» **Exercise goal**
Starting with the line that has "Unión vs Independiente Rivadavia poster" in the records below and ending with the line that has "Garten- und Outdoor-Möbelsets", output those lines exactly and nothing more; omit the pictures.

» **Supplied entries**
******
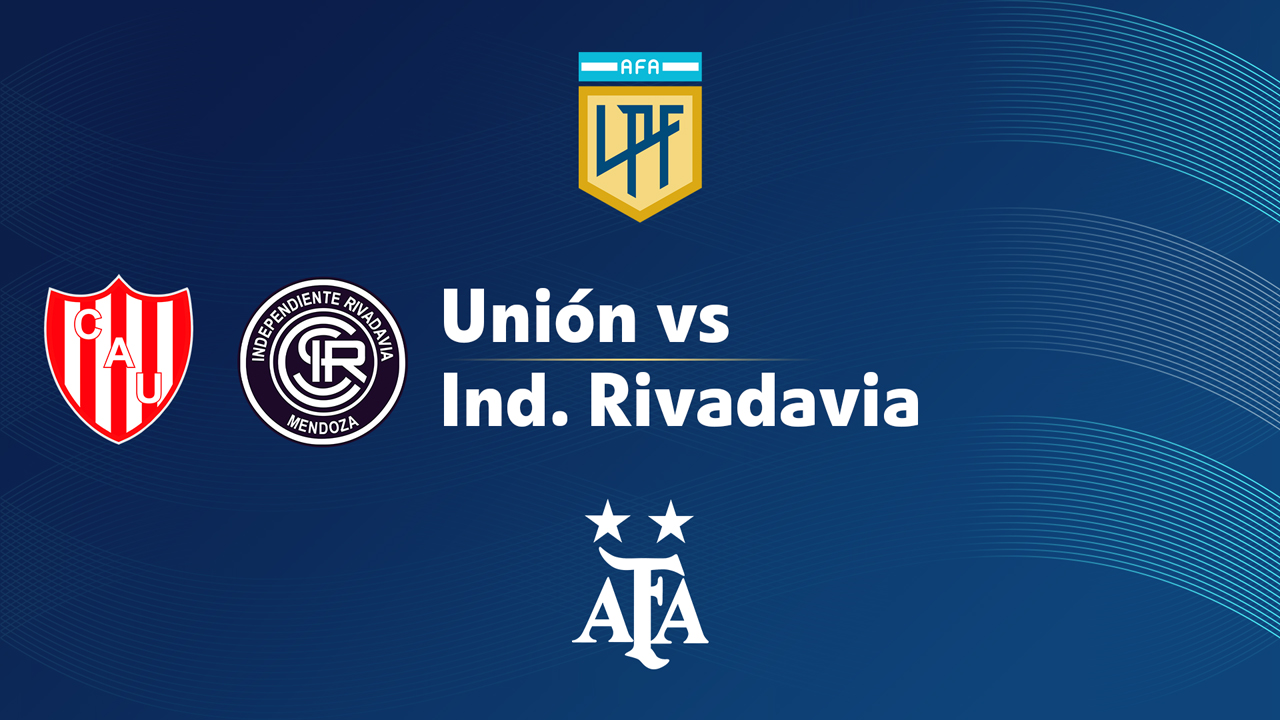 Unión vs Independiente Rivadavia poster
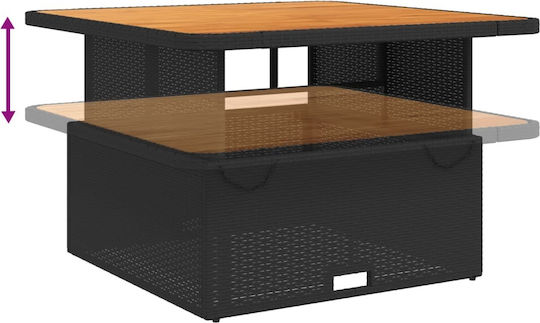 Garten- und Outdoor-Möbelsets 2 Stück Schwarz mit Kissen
******
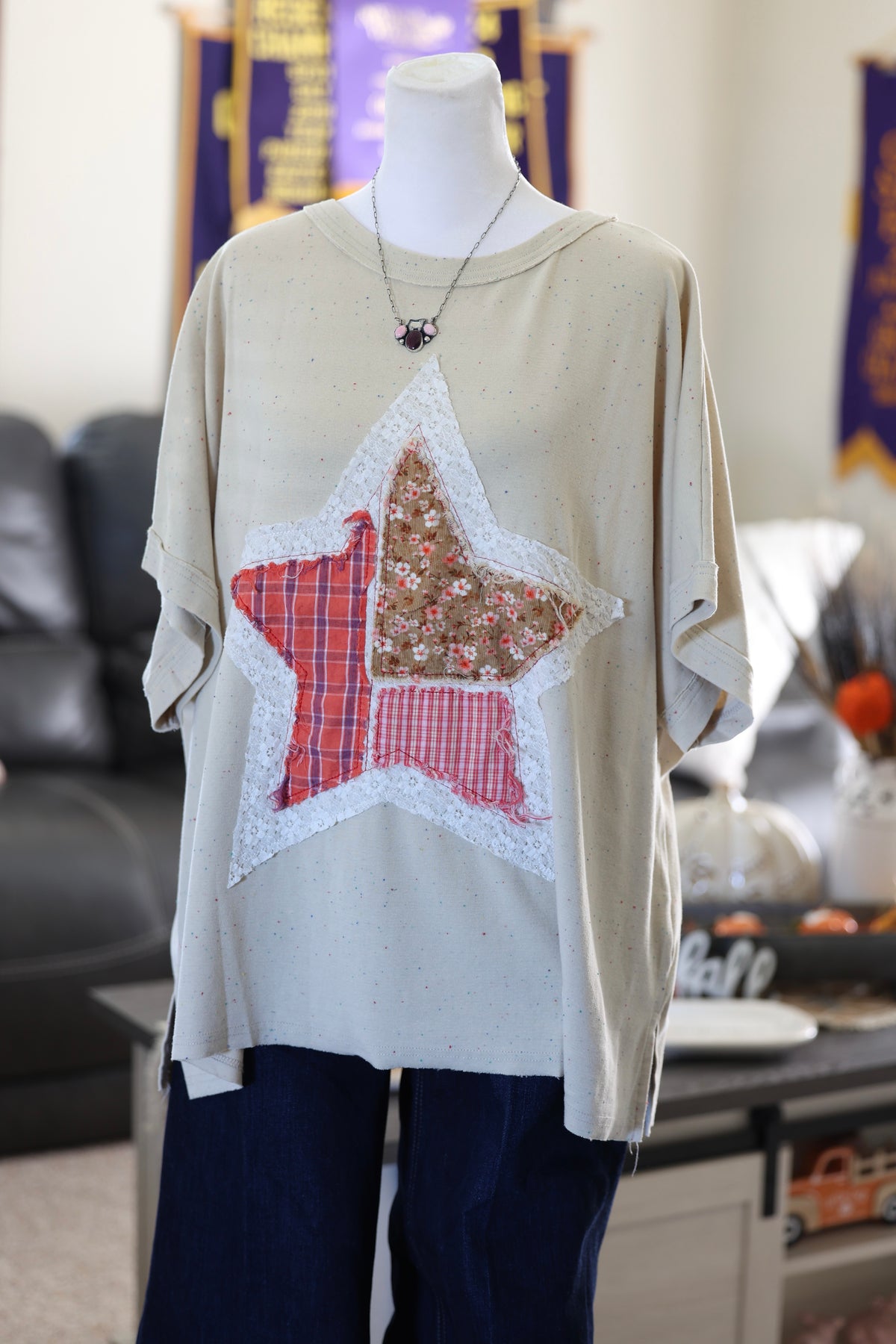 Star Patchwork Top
******
» **Response for this exercise**
 Unión vs Independiente Rivadavia poster
 Garten- und Outdoor-Möbelsets 2 Stück Schwarz mit Kissen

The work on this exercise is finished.